君しかいらない~クールな上司の独占欲(下)
「だから第一段階としては、企業や代理店内に点在している顧客情報を統合すること」
「なるほど」
「それをシステムに入れて、企業が自分で効果を分析できる環境を提供すること」
「でもそれだと、代理店の仕事が減りません?」
「逆だ。俺たちは今以上に手広く企業に協力できるようになる。それこそ、カスタマーサービスにも手を出せる」
ため息が出た。
つまりは、これまでの仕事のやりかたを、代理店もクライアントも、根本から変えるってことだ。
想像もつかない世界。
そりゃ、忙しいはずだ。
「頼むぜ、営業にうまく使ってもらってこその仕組みなんだからな。
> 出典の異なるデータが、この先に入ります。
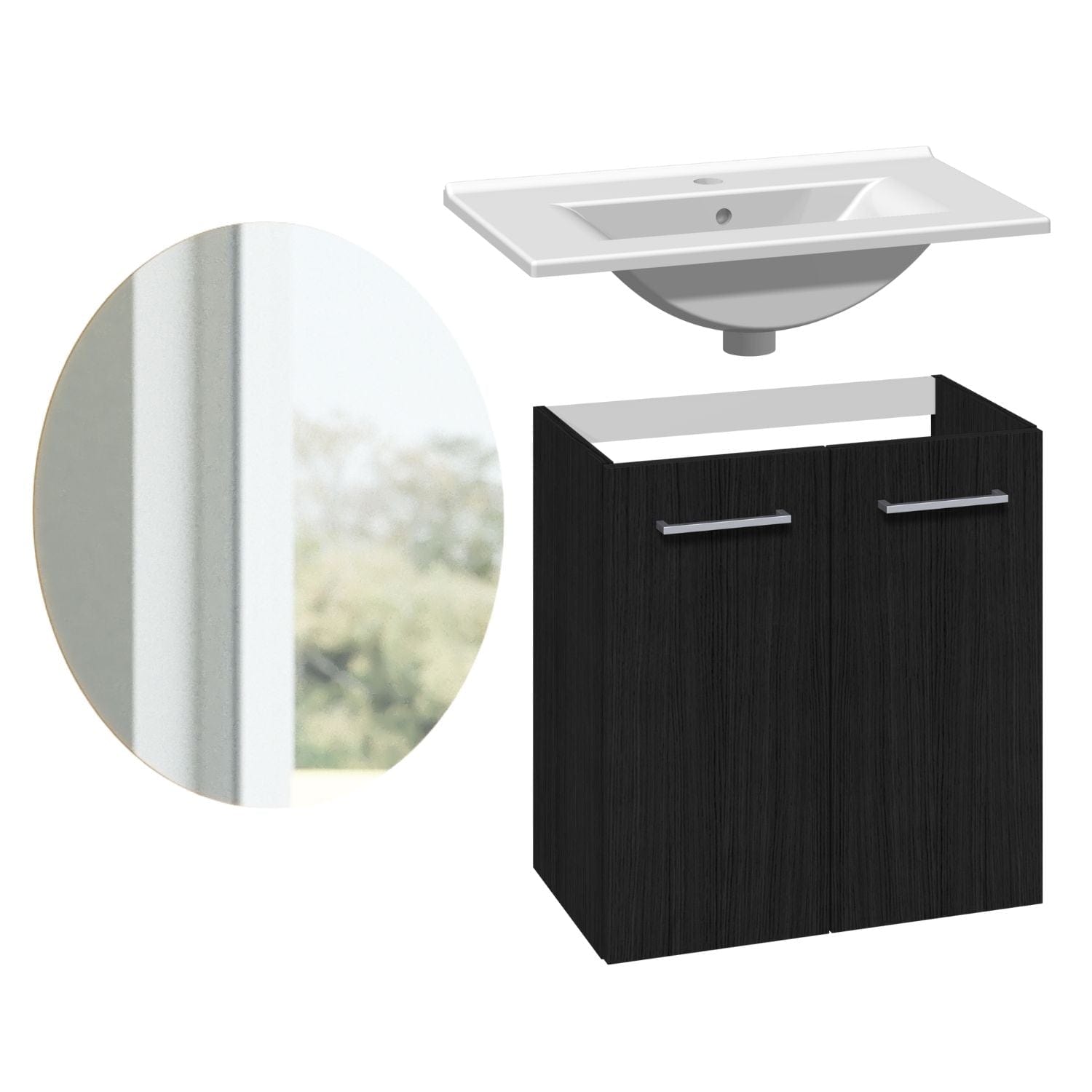 1904 Voss 3-i-1 Slim Møbelpakke dør Svart eik / 60cm / Sval rundt 1904 Møbelpakke bad BUN-7041039SR60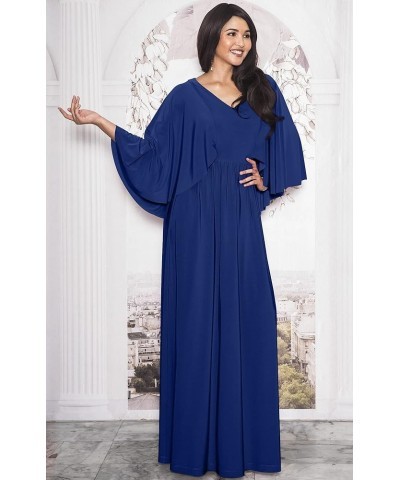 Womens V-Neck Elegant Batwing Cape Sleeves Cocktail Maxi Dress Gown Cobalt / Royal Blue $24.18 Dresses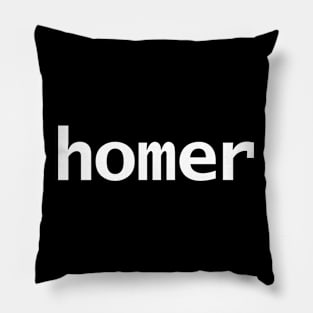 Homer Minimal White Text Typography Pillow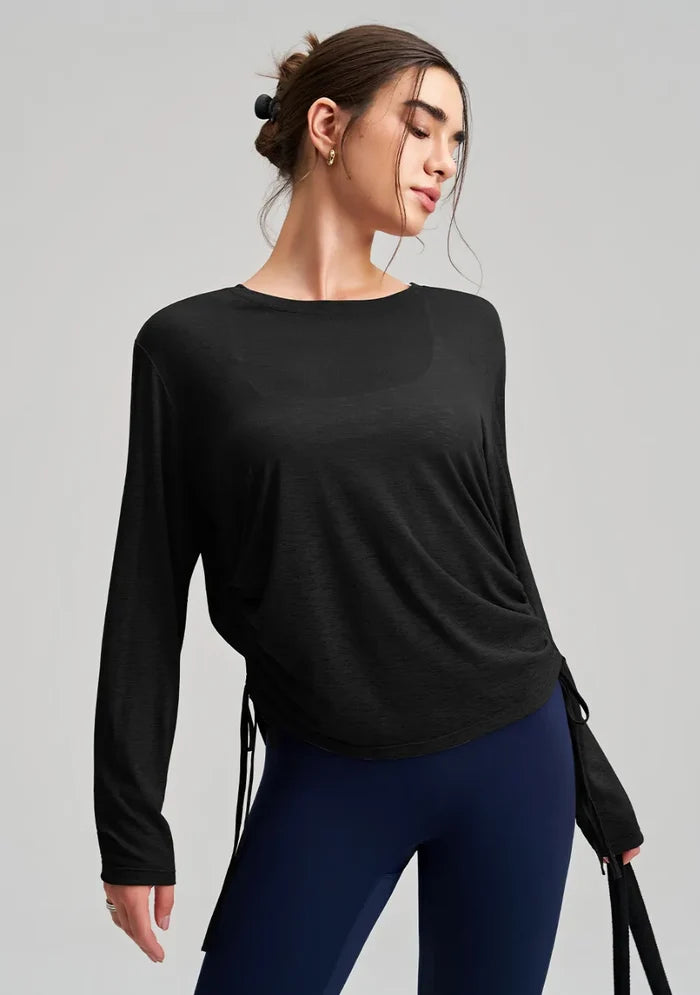 SPARK New Women's Yoga Fitness Smock with Side Drawstring RQ7410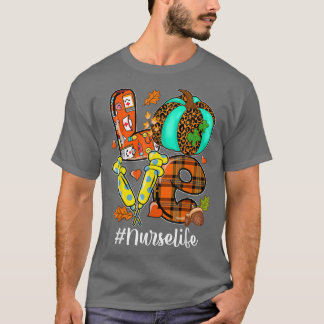 T-shirt LOVE Citrouille Leopard Syringe Infirmière vie aut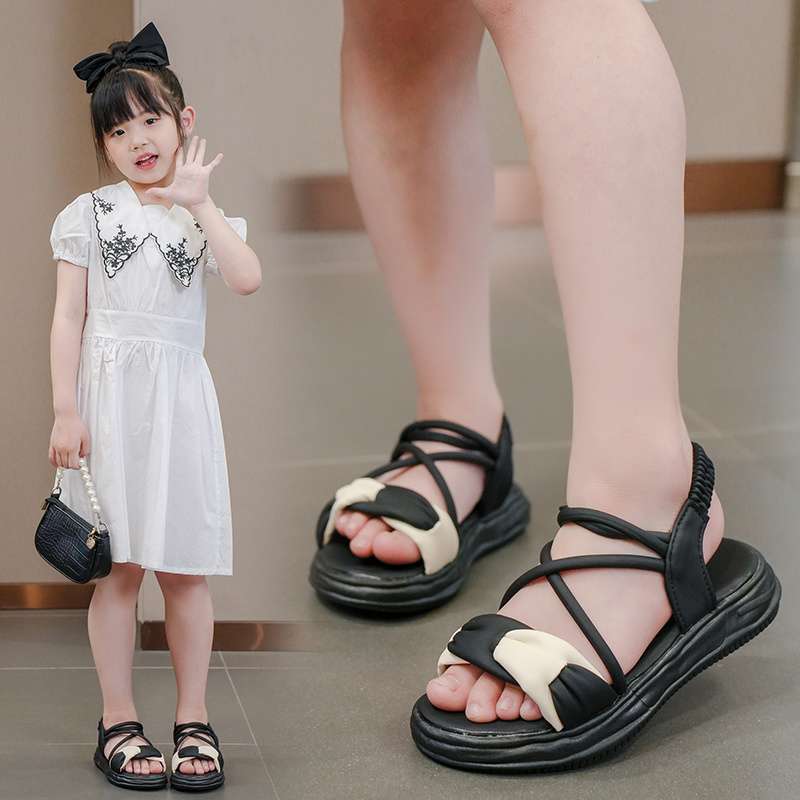 Girls sandals summer 2025 new sports wear princess shoes medium and large children soft sole primary school children beach shoes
俺たちはあくまで、ただのバックアップだ」
やぶへびで、プレッシャーまでもらってしまった。
お台場のホテルで早めの夕食をとって、新庄さんの家のある横浜方面へ向かう。
レインコンディションのドライブは、ある意味痛快で、好きなのに、天気と同じく私の心は、どこか晴れなかった。
私、レベル低くないか?
新人に、あんな扱いを受けて。
特に何か、目立った能力があるわけでもなくて。
別に、新庄さんと比べるなんて、とんでもない思いあがりはしないけど。
今の私の仕事を、私がする意味って、何か、あるだろうか。